Worked with documentary films for more than 20 years at the Danish Film Board, as press officer, festival representative and film consultant/commissioner. Co-founder of Balticum Film and TV Festival, Filmkontakt Nord, Documentary of the EU and EDN (European Documentary Network).
Awards: 2004 the Danish Roos Prize for his contribution to the Danish and European documentary culture. 2006 an award for promoting Portuguese documentaries. 2014 he received the EDN Award “for an outstanding contribution to the development of the European documentary culture”. 2016 The Cross of the Knight of the Order for Merits to Lithuania. 2019 a Big Stamp at the 15th edition of ZagrebDox. 2021 receipt of the highest state decoration, Order of the Three Stars, Fourth Class, for the significant contribution to the development and promotion of Latvian documentary cinema outside Latvia. In 2022 he received an honorary award at DocsBarcelona’s 25th edition having served as organizer and programmer since the start of the festival.
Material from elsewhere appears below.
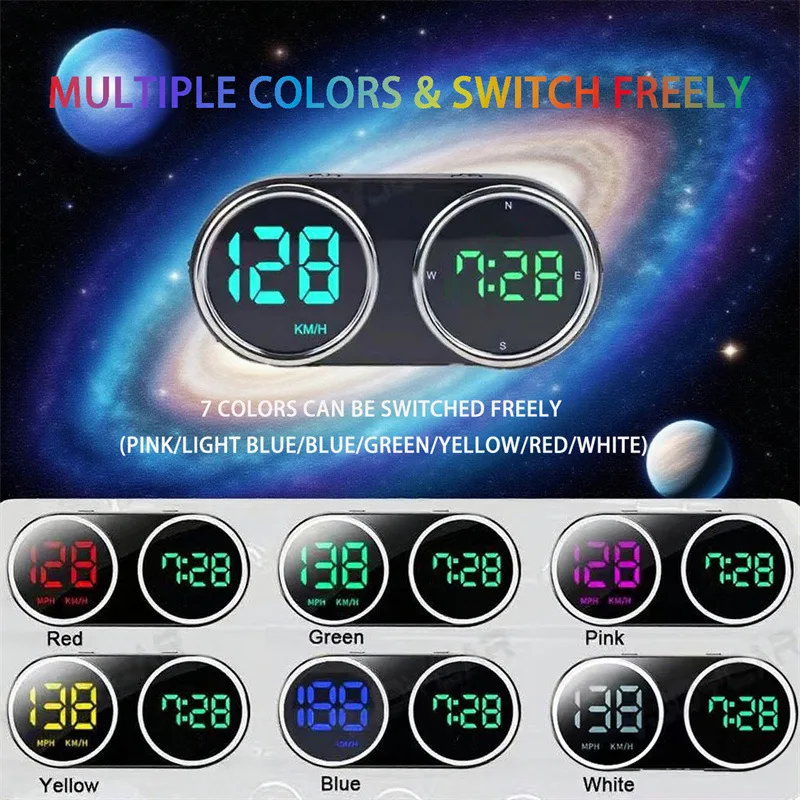 Car Speedometer Head-up Display GPS Speedomter Digital HUD Head-up Display Over-speed Alarm KM/H MP/H Speed Meter 7-Color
From 1996 until 2005 he was the first director of EDN (European Documentary Network). From 2006 a freelance consultant and teacher in workshops like Ex Oriente, DocsBarcelona, Archidoc, Documentary Campus, Storydoc, Baltic Sea Forum, Black Sea DocStories, Caucadoc, CinéDOC Tbilisi, Docudays Kiev, Dealing With the Past Sarajevo FF as well as programme consultant for the festivals Magnificent7 in Belgrade, DOCSBarcelona, Verzio Budapest, Message2Man in St. Petersburg and DOKLeipzig. Teaches at the Zelig Documentary School in Bolzano Italy.